We have fancied The Baltic for a long time, although it is not one of these non reservation, simplistic, trendy restaurants it is still edgy and on trend. The Russian restaurant is located in Southwark a short walk from the tube. The banner in front of the door is black which is in front of the black wooden door and leads into an even darker reception that hosts a wide and exciting looking bar with homemade infused vodkas as well as the usual brand name spirits and beers.
We were led to a fortunately lighter restaurant that is accessed via a wheel chair friendly slope. The room is light and airy exaggerated by the cream walls and the glass ceiling panels. There is a striking wiry piece of art of one wall that is golden that also reflects the light. There is also an odd huge bunch of dried rose flowers. Pretty striking and although a little odd compared to the dark moody reception somehow work.
We were lead to our table on the edge of the restaurant by the kitchen. The kitchen is hid behind a wall but the flurry of waiters coming and going make it quite clear it is there although there is little noise and small from that area. Quite serene.
We were faced with a selection of vodkas infused with a number of different herbs and spices but as it was lunch time declined and made do with a glass of red. The menu is obvious from first glace that it is Russian and so hearty, meaty and a little…how do I say this politely…urm different.
Before the starters came out, hefty bread was served with salty butter and a beetroot puree; I am a lover of beetroot so of course absolutely loved this – who needs fatty butter eh? Pickles were also on the table as we sat down and this was a real treat for me. I ordered the gravadlax with dill and vodka marinated salmon with potatoes and the steak tartare with thick rustic bread. This came out quickly yet there was only two other couples in the entire restaurant – so not saying much. The steak tartare was chucky but a little fatty for my liking. The yolk in the middle was a rich yellow and was spicy, so good all in all, however the gherkins finely chopped did not do the texture any favours I have to say.
The gravealax was lightly smoked yet quite dry in true eastern European style. I prefer smoked salmon more moist but I realise this is a matter of taste. This was served with cold potatoes (again a personal preference thing) and a sauce fully of picked capers – probably my favourite bit odd the dish as it was sharp and pungent – delicious.
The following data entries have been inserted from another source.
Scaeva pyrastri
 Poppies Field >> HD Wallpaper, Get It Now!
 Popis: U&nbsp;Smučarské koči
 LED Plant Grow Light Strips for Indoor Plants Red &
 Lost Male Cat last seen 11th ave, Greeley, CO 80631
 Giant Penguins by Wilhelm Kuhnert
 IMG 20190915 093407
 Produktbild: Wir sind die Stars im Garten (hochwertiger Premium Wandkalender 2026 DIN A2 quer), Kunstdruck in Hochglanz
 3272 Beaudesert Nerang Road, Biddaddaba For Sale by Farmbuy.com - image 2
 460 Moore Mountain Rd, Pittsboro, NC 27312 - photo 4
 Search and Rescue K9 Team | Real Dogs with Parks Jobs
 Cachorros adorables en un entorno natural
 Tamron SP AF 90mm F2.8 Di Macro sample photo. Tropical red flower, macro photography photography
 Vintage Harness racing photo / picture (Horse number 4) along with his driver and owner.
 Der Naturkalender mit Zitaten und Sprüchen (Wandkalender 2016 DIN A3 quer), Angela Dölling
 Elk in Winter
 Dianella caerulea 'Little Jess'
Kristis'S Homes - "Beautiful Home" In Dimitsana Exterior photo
For main course, I admit I went for the wrong dish; ordering the tongue with smoked bacon and beans (they have since taken this off the menu but it was something similar) and it was horrific. The tongue (or similar) was fatty, tough and the flavour lingered on the tongue. The bacon was chewy and fatty making the beans float bloated in the sauce – yuk!
The others had stew with venison, pork, beef, sauerkraut and potato dumplings which looked and tasted far more appetizing however again I didn’t like the meat combination. From reading this you would think I am a picky eater who tries to avoid meat but regular readers would know this is certainly not the case. I am clearly not ready for the Eastern European cuisine and that is probably a reason that there is so few in London that are for fine dining.
For desert we ordered sorbets with a shot of vodka – now we are talking! The sorbet was sharp and sweet and the vodka gave a pungent aromatic hit to the back of the throat and nose. This was certainly a hit for me.
I have to say the service, atmosphere and bar was great and unfortunately the cuisine was just not to my taste – this is not a dig at the chef but really I do not feel most Londoners taste buds are really ready for …that (coughs.) I will not be going again but this shouldn’t let those who do like pickles, cold vegetables with hot meat and sauces and uncomfortably textured meat be put off.